How Some Books Came to Be
I admire people who don’t need inspiration to write. I am probably a romantic – for want of a better word – when it comes to writing. I look to the experiences of other writers, and try to learn as much as I can from them.
Books are among my best sources of inspiration and guidance. In her book, One Year to a Writing Life: Twelve Lessons to Deepen Every Writer’s Art and Craft, Susan M. Tiberghien discussed how some writers developed their ideas for the books they wanted to write.
In these different shapes and suits, the essay is the primary short unit of longer nonfiction works. When Natalie Goldberg wrote Writing Down the Bones, she wrote each chapter as a self contained essay. When Alice Walker wrote her nonfiction book Anything We Love Can Be Saved, many of the chapters had first appeared as individual essays. And Kathleen Norris wrote most of the text of Dakota in the essay form, adding journal entries, poems, and weather reports. The same observation holds true for Stephen King in his book On Writing. It is written in fragments. King calls them snapshots, occasional memories “against a fogged-out landscape.”
After reading this, I realized that what I have now is a treasure trove – lots of journal entries, blog posts, essays stashed here and there, poems and scribblings – just waiting to be sorted out.
And then there are dreams. Yes, I do have a dream journal as well, and it, too, provides a rich resource.
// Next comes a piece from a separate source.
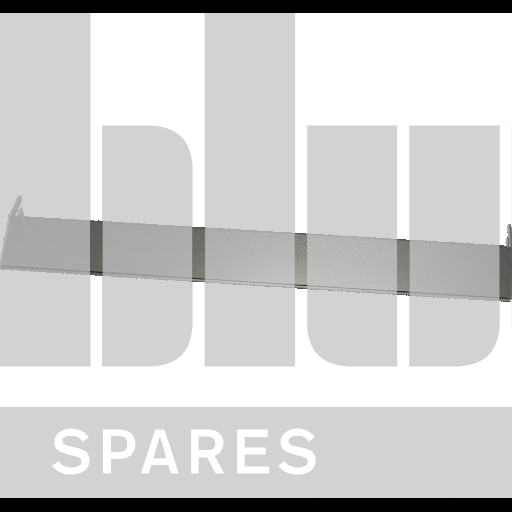RETURN ROLLER NIP GUARD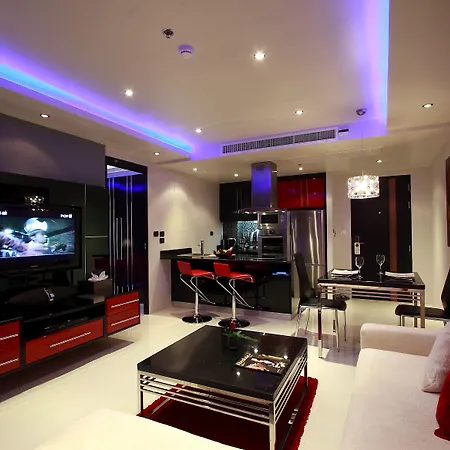 Absolute Bangla Suites-3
After all, Stephenie Meyer’s book Twilight, was inspired by a single dream.
I know the exact date that I began writing Twilight, because it was also the first day of swim lessons for my kids. So I can say with certainty that it all started on June 2, 2003. Up to this point, I had not written anything besides a few chapters (of other stories) that I never got very far on, and nothing at all since the birth of my first son, six years earlier.
I woke up (on that June 2nd) from a very vivid dream. In my dream, two people were having an intense conversation in a meadow in the woods. One of these people was just your average girl. The other person was fantastically beautiful, sparkly, and a vampire. They were discussing the difficulties inherent in the facts that A) they were falling in love with each other while B) the vampire was particularly attracted to the scent of her blood, and was having a difficult time restraining himself from killing her immediately. For what is essentially a transcript of my dream, please see Chapter 13 (“Confessions”) of the book.
Though I had a million things to do (i.e. making breakfast for hungry children, dressing and changing the diapers of said children, finding the swimsuits that no one ever puts away in the right place, etc.), I stayed in bed, thinking about the dream. I was so intrigued by the nameless couple’s story that I hated the idea of forgetting it; it was the kind of dream that makes you want to call your friend and bore her with a detailed description. (Also, the vampire was just so darned good-looking, that I didn’t want to lose the mental image.) Unwillingly, I eventually got up and did the immediate necessities, and then put everything that I possibly could on the back burner and sat down at the computer to write—something I hadn’t done in so long that I wondered why I was bothering. But I didn’t want to lose the dream, so I typed out as much as I could remember, calling the characters “he” and “she.”